Große mediale Aufregung: Ryanair-Boss O`Leary plant Gebühr für die Benutzung der Bordtoilette. Hat er eventuell bei den Bissigen Bemerkungen gespickt? Bereits vor drei Jahren hatten die BBBs spekuliert, ob Ryanair exakt diese Gebühr einführen würde (siehe BBB vom 20.1.2006 „Klofrau bei Ryanair demnächst Realität?“).
Während die BBBs noch davon ausgingen, dass eine Klofrau oder ein Toiletten-Boy oder Mr. O`Leary höchstpersönlich kassieren wird, versucht Ryanair ohne Mehrpersonal auszukommen. Aber mit dem Vorschlag „ein Pfund“ in ein Münzsystem einzuwerfen ist Ryanair überraschend nicht konsequent genug. Zur Firmenphilosophie würde Bezahlung per Kreditkarte besser passen, also ein System mit „Kreditkarte durch den Schlitz ziehen“. Wobei Ryanair preislich unterscheiden könnte zwischen Toilettengang schon bei Buchung gebucht (etwas preisgünstiger) oder erst bei Bedarf an Bord. Chance für die Kunden: Vielleicht gibt es dann mehr Toiletten an Bord, wenn Ryanair damit Geld verdienen kann. Andererseits wer muss ohne Essen und Trinken auf die Toilette? Um für einen kurzen Moment mehr Platz als in der Sitzreihe zu haben?
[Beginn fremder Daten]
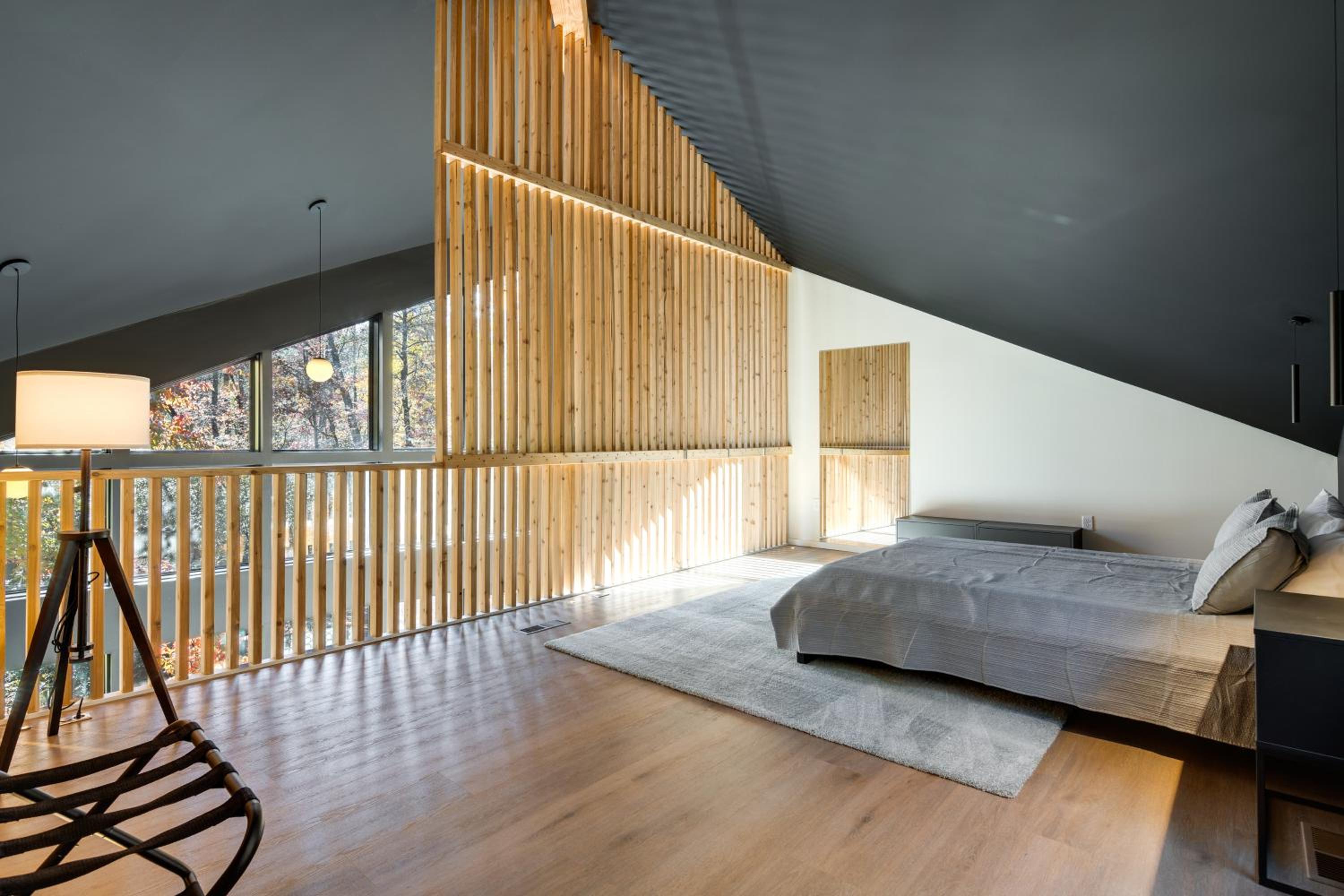 Ultimate Relaxation and Adventure Home Near Brevard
Irgendwie ist es einfach Entwicklungen bei den extremen Billigfliegern vorherzusagen. Mancher Leser wird sich noch an die BBB vom 11.11.2002, „Wann führen die Billig Airlines den Minus-Preis ein“ erinnern. Und letztes Jahr war es dann auch soweit, siehe BBB vom 27.4.2008 „Eine Vision wurde Wirklichkeit – endlich haben Fluggäste von einer Billig Airline noch Geld bar dazugekommen“.

Vorschau:
Keine Ahnung ob Sie, liebe Leserinnen und Leser der Bissigen Bemerkungen, in letzter Zeit an entsprechender Stelle mal bei sich nachgesehen haben, aber die ITB steht wieder „vor der Tür“. Also muss der Branchenbogen etwas breiter gespannt werden. Lesen Sie deshalb nächste Woche, was uns gerade aufgefallen ist.
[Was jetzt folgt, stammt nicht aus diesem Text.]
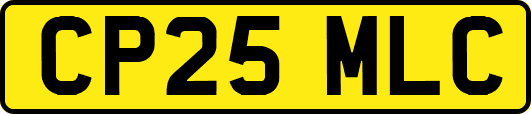 CP25MLC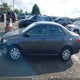 2T1BU4EE8AC444016 2010 Toyota Corolla auction photo thumbnail 14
Stichwort Reisebüro und Koffer-Abwrackprämie: Lieber keine Idee haben, aber immer drauf hauen wenn andere eine Idee haben.
Stichwort TUI-Cruises: Wie auf einem generalüberholten Schiff jetzt auch die Kunden generalüberholt werden können
Stichwort Costa Brava: Wie Bettenburgen verschwinden und Berge schöner werden – zumindest im Katalog
Stichwort 100-Milliliter-Regel für Handgepäck: Wer setzt sich in Zukunft durch – die Sicherheitslobby oder die Vernunft?
Und speziell zur ITB und Thema Konjunkturvorhersagen: Wie schnell sich manche Gurus drehen können. Beispiel: Deutsch-Banker Norbert Walter „von keine Konjunkturprobleme zum totalen Wirtschaftsabsturz“ im zeitlichen Rekordtempo. Am besten nicht hinhören.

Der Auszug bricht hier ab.